- [Supplied material]:
========================

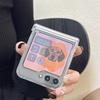 Ins Korean Cute Clear Case For Samsung Z Flip 7/6/5/4/3 Hinge Full Protection PC Case For Motorola Razr 60 50 Ultra Razr 40Ultra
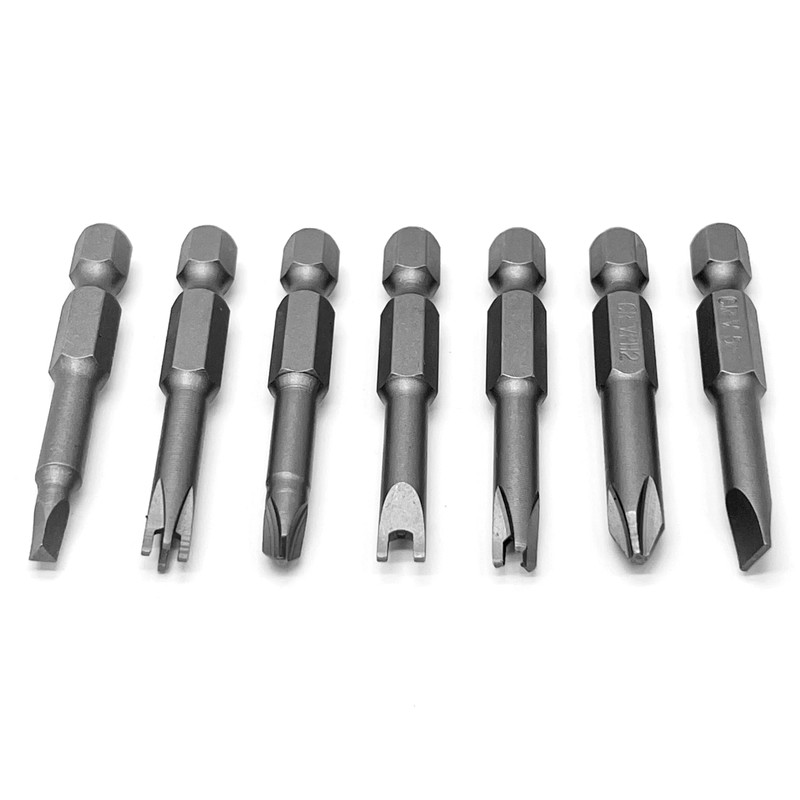 OHIY Special Shape Screwdriver Insert Bit Set Phillips Slotted U-Shape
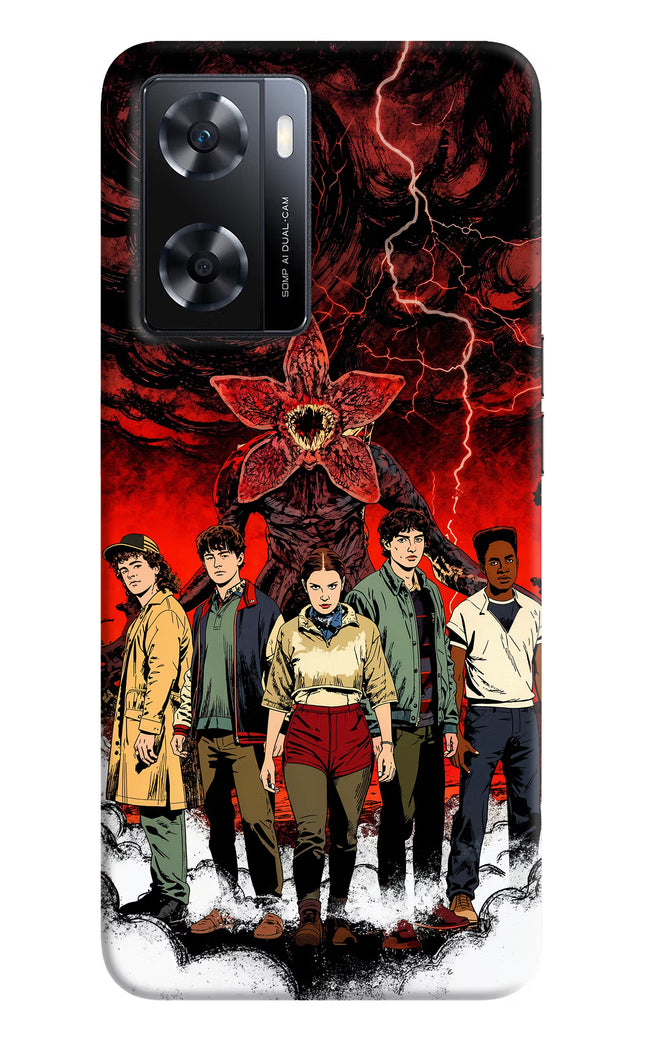 Ordinary Things Characters OPPO A77s Back Cover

========================

All of the material shown above needs to be duplicated exactly. Omit every picture.

 Ins Korean Cute Clear Case For Samsung Z Flip 7/6/5/4/3 Hinge Full Protection PC Case For Motorola Razr 60 50 Ultra Razr 40Ultra
 OHIY Special Shape Screwdriver Insert Bit Set Phillips Slotted U-Shape
 Ordinary Things Characters OPPO A77s Back Cover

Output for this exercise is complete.